One of the strongest aspects of the drama was its portrayal of kidnapping victims. It felt disturbingly realistic. The show didn’t romanticize survival or pretend that everything magically becomes okay once victims reunite with their families. Instead, it explored the uncomfortable truth: people move on, trauma lingers, and relationships don’t always return to what they once were. Sometimes, the only option is to keep living through the pain. That honesty made the drama feel grounded and painfully real.
I also appreciated that the story avoided easy, happy resolutions. Life isn’t always neat, and Sword Rose didn’t insult the audience by pretending otherwise.
That said, there was one element that consistently pulled me out of the story: the subtle—but persistent—propaganda. By the end, it became very obvious, but even before then, it was hard to ignore. The police force was portrayed as almost flawless. No dirty cops. No internal failures. No laziness. No administrative incompetence. The only obstacle was a lack of clues.

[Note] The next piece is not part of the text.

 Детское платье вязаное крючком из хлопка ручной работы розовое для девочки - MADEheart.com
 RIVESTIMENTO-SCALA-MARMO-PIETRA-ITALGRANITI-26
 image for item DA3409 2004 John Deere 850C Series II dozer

This felt unrealistic, especially considering how intelligent and calculated the villain was. We’re talking about a criminal mastermind who could plan years ahead, infiltrate industries from the ground up, and run multiple criminal operations. It’s difficult to believe that someone like that wouldn’t think to plant people within the police force or use bribery to gain advance warnings of raids. In other crime dramas—especially Western ones—small oversights, internal corruption, or past mistakes often explain why cases go unresolved. Here, that layer was completely absent, and it came across as intentional rather than organic.

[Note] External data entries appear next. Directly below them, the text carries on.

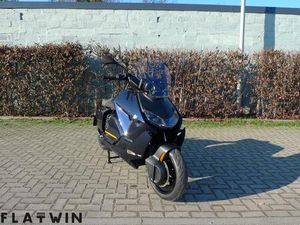 ② BMW CE04 - 2025 - 697KM - TVA RÉCUP.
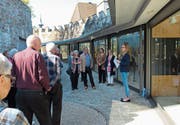 Interessierte lassen sich durch die Burg Zug führen. Thema gestern: die Zuger Familie Zurlauben. (Bild: Maria Schmid (Zug, 9. April 2017))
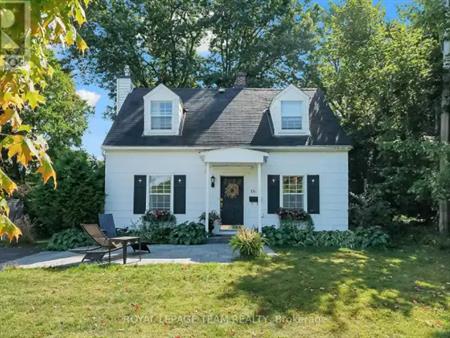 16 SANDRIDGE ROAD | 16 SANDRIDGE ROAD, Ottawa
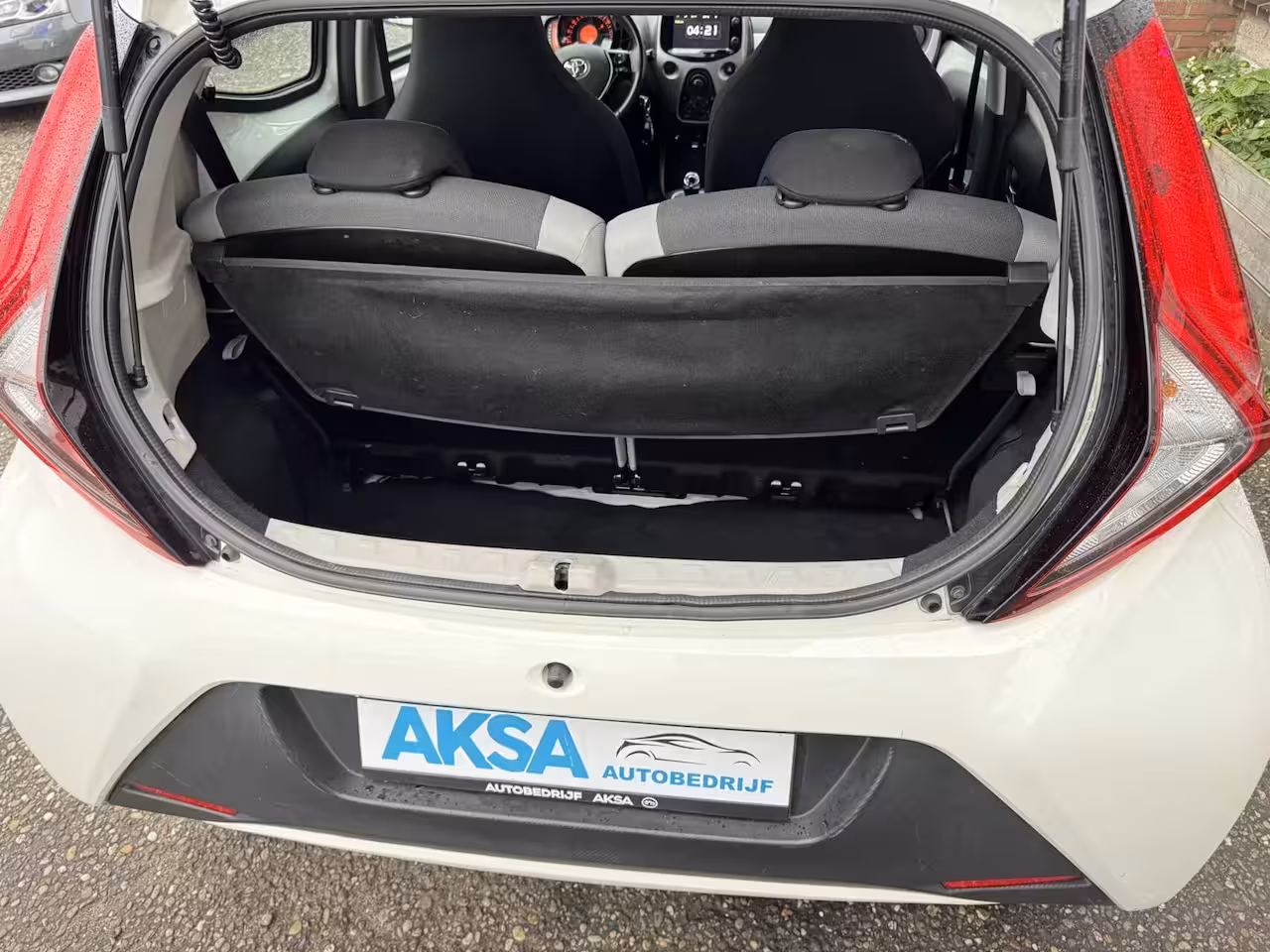 Toyota Aygo 1.0 VVT-i x-play Automaat Camera Stoelverwarming CarplayGarantie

Another thing I noticed was that the writing felt somewhat stiff at times. While Dilraba delivered a strong performance, there were no real “aha” moments where one character suddenly pieces everything together. Every breakthrough came from collective effort. While that’s realistic in theory, it sometimes dulled the dramatic impact.
Still, despite these issues, Sword Rose remains a compelling and well-acted drama with a mature tone and a surprisingly realistic portrayal of trauma and recovery. It’s gripping, thoughtful, and emotionally grounded.
All in all, it’s a solid jammer—and an easy 9/10 for me.